You would think that by now after the miracles and answered prayers, I would get a hint.

It’s a very human trait to want and need and require and dream… if we’re honest enough with ourselves, when we take stock of who we are, we are also very aware of all our flaws and pitfalls. It makes it very difficult to have an honest relationship of give and take with others, specially a benevolent Father who knows us far better than we can know ourselves and still loves us despite all our darkness.

I want to believe my Father for my dreams and my heart’s desires but it is so hard when all I can see is all the heartbreak I can so easily create and then thoughts come up: why would He want to help add to the damage around? If I can’t seem to handle the little, why would He give me more? If I can’t seem to be able to focus long enough with one want, what makes me think I can follow through with other aspirations?
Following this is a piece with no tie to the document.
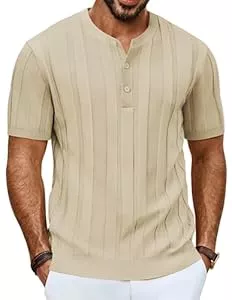 PJ PAUL JONES T-Shirts PJ PAUL JONES T-Shirts für Herren Henley Shirt Kurzarm Strick T-Shirts Sommer T Shirts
Then you think just let go, just let it all go. But that’s a bigger step of Faith that can ever be conquered.

So how do you draw in the strength of God? The strength He is so ready to pour into our hearts, minds and lives so that we can follow on the path that He designed for us.
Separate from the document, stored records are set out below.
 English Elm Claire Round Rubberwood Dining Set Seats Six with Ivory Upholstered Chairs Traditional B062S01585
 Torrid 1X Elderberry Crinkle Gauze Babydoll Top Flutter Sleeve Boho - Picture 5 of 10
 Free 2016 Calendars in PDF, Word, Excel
How do we make our dreams a reality?

I want a large house that I didn’t pay for, with lots of room and lots of land.

I want horses and dogs.

I want children in every room.

I want muddy boots and summer camping trips.

I want cuddles by the fire and dinners around a large table.

I want summer lessons and adventures in the woods.

I want to soothe tantrums and draw smiles.

I want returned visits long after the children are no longer children.

I want hot chocolates and books scattered.

I want slow dances and messy laundry nights.

I want snowed in days and picnics in the sun.

I want love and laughter and acceptance long after I have given my last breath.

How do I get out of the way and let God do what His Will is for my future and my dreams? How do I let go and let God?